I'm glad I read Reza Aslan's "Zealot" first, as I am motivated to persevere with this rather dry work, and to be fair to E.P.Sanders ploughing through the pages does fill in many of the gaps and unanswered questions in "Zealot".
As with any similar book from the USA, the author is very careful not to offend the Bible Belt zealots and Creationist Christian extremists. Ironic given that Christianity is the religion of Love. I would have preferred to have had it straight from the hip, the unvarnished facts and truth, without wriggling almost apologetically around the sometimes inconvenient niceties of Faith.
Persevere, it's well worth it.
Sanders does not delve into the development of Christian theology from which Jesus became the centre of a new religion both in historical and theological terms. His purpose is to "discuss Jesus the human being, who lived in a particular time and place" rather than the theological personage of Christian dogma. To achieve his objective he looks for historical evidence. Sanders establishes beyond doubt that Jesus was a real historical person about whom we know more than many other historical figures. The sources used to establish what we do know for Jesus are better than those which exist about Alexander the Great, whose career is derived from secondary sources. He acknowledges the limitations of contemporary accounts about Jesus and the restrictions this places on establishing a full understanding of Jesus the human being. However, there is more evidence than is often acknowledged. Sanders discusses the life and times of Jesus, the political situation in first century Palestine and Judaism as a religion in the context of the time.

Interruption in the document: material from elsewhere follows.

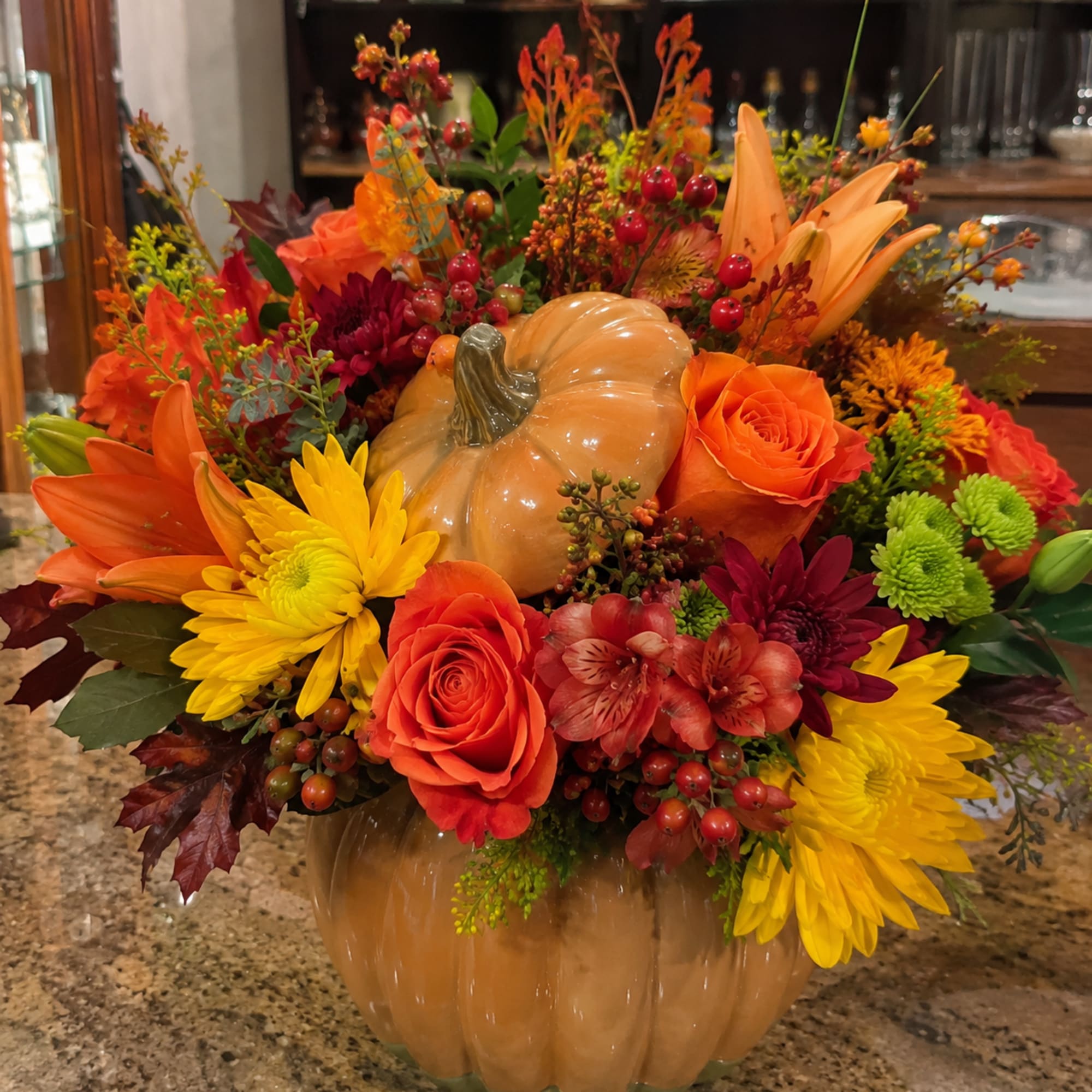 Glossy pumpkin-shaped ceramic vase at the center gives this fall flower arrangement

Sanders is clear that problems with dating are minor and he clarifies the meaning of BCE and CE as a dating system acceptable to all, including non-Christians, whereas BC and AD refer specifically to the Christian view of history. Although Jesus was born at a time "when Rome was supreme over the eastern Mediterranean" his preaching took place in the towns and villages of Galilee which was ruled by Antipas, a son of Herod the Great. He emphasises it would be wrong to believe that the populace was oppressed by the Romans as there was no official Roman presence in Galilee. Although Jews generally wanted independence they tolerated Roman rule as long as it did not interfere with the religious practices of Judaism. "The Jews were distinctive in having only one temple and in worshipping only one God." Judaism was based on the premise that Jewish customs were divinely ordained not social constructs. Therefore, Jews of the Diaspora could not assimilate with other cultures without compromising their essential Jewish identity. Jewish priesthood was hereditary and in Jesus's time consisted of three distinct groups. The Pharisees who were religious teachers, the Essenes who most scholars associate with the Dead Sea Scrolls and the Sadducees who did not believe in the resurrection.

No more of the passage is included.